Start of DATA

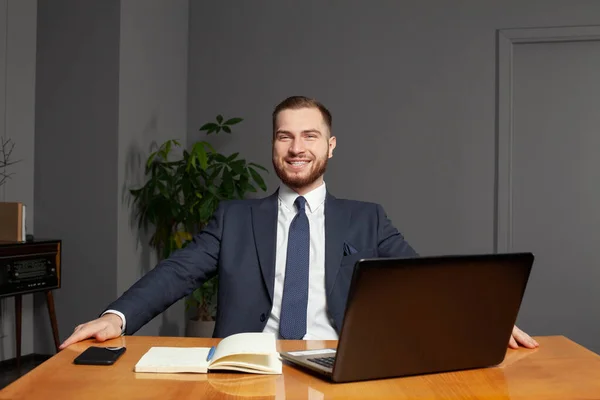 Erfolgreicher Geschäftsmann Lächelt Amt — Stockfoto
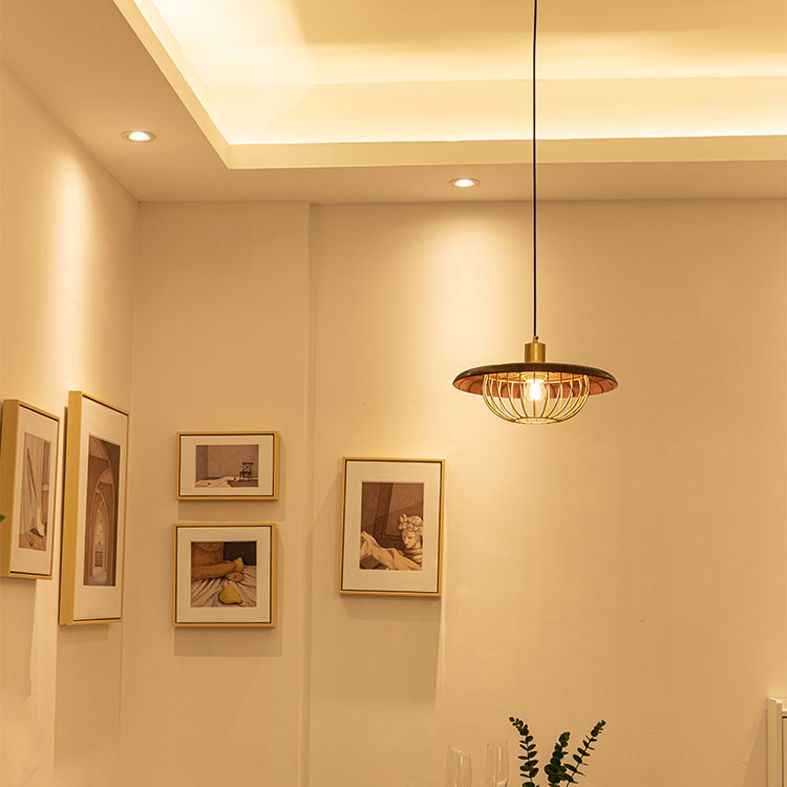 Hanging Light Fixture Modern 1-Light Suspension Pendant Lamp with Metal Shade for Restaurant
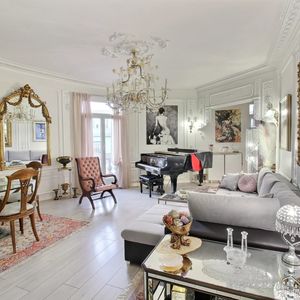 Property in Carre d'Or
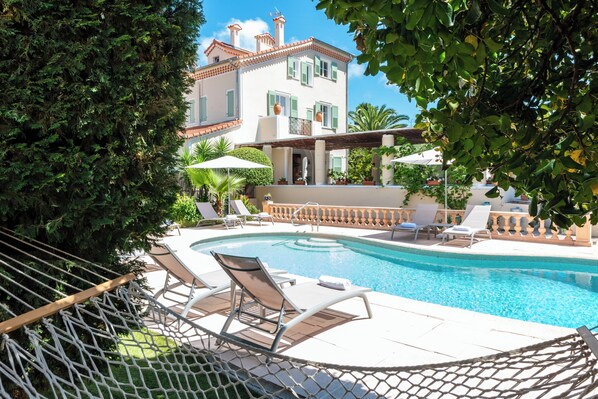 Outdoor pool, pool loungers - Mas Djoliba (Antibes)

End of DATA

▶ [EXERCISE REQUIREMENTS]: The whole listing above, minus its pictures, is what you should write out word for word.

▶ [EXERCISE RESULT]:
 Erfolgreicher Geschäftsmann Lächelt Amt — Stockfoto
 Hanging Light Fixture Modern 1-Light Suspension Pendant Lamp with Metal Shade for Restaurant
 Property in Carre d'Or
 Outdoor pool, pool loungers - Mas Djoliba (Antibes)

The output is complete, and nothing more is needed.